Solche Dinge wollten die Psychologen von den Rentnern wissen. Sie wollten sichergehen, dass das Spendequartett die Operation nicht nur körperlich übersteht. Auch mit den psychischen Belastungen sollten die vier zurechtkommen können.
8000 Menschen in Deutschland stehen zurzeit auf der Warteliste. Sie brauchen eine neue Niere. Im Durchschnitt warten sie sechs bis sieben Jahre. Im vergangenen Jahr wurden 1500 Nieren von Verstorbenen transplantiert. Etwa 700 weitere Nieren kamen von lebenden Spendern, die allermeisten aus der engsten Familie. Die Spendenbereitschaft in Deutschland ist dramatisch gesunken - eine Folge des Organspendeskandals, als Ärzte Empfänger auf den Wartelisten nach oben manipuliert hatten.

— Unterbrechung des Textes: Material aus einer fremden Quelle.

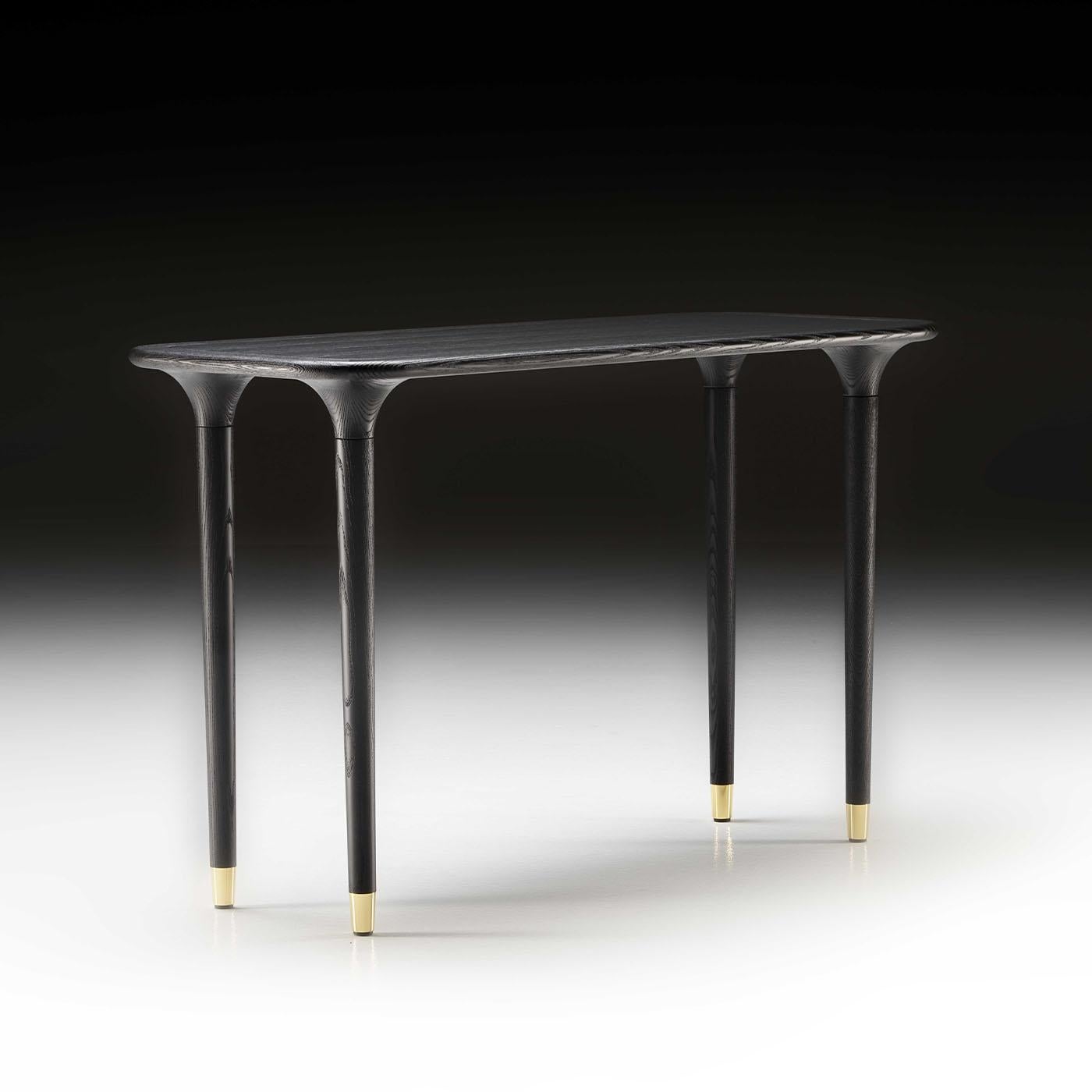 Thoughtfully balanced proportions combined to smooth curves define the elegant look of this console in solid mocha-stained ash. Illuminated by the presence of galvanized golden tips, the tapered legs meet the top by following a progressively flaring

Wolfgang Koberski, 59, wusste von seiner ererbten Nierenkrankheit. Als die Beschwerden zu massiv wurden, wollte seine Frau Gabi helfen. Doch hat sie Blutgruppe A, ihr Mann B. Sie versuchten es mit einem Trick. Eine Art Blutwäsche sollte die Antikörper gegen das Spenderblut aus dem Körper des Empfängers filtern. Doch Wolfgang Koberskis Körper baute die Antikörper immer wieder neu auf. „Mein Körper hat sich gewehrt", sagt er. Inzwischen lacht er dazu.
In ihrer Verzweiflung meldeten sich die Rheinländer zur Crossover-Spende an. Zu lange hatte Koberski schon dialysiert. Seine Nieren waren so vergrößert, dass er sich kaum mehr bücken konnte, um seine Schuhe zu binden. Er musste zur Bauchfelldialyse. „Alle fünf, sechs Stunden beutelst du wieder", beschreibt der Kölner diese Zeit, in der ihm die Gifte übers Bauchfell abgelassen wurden. Ein Körper wie eine Kaffeemaschine im Reinigungsmodus.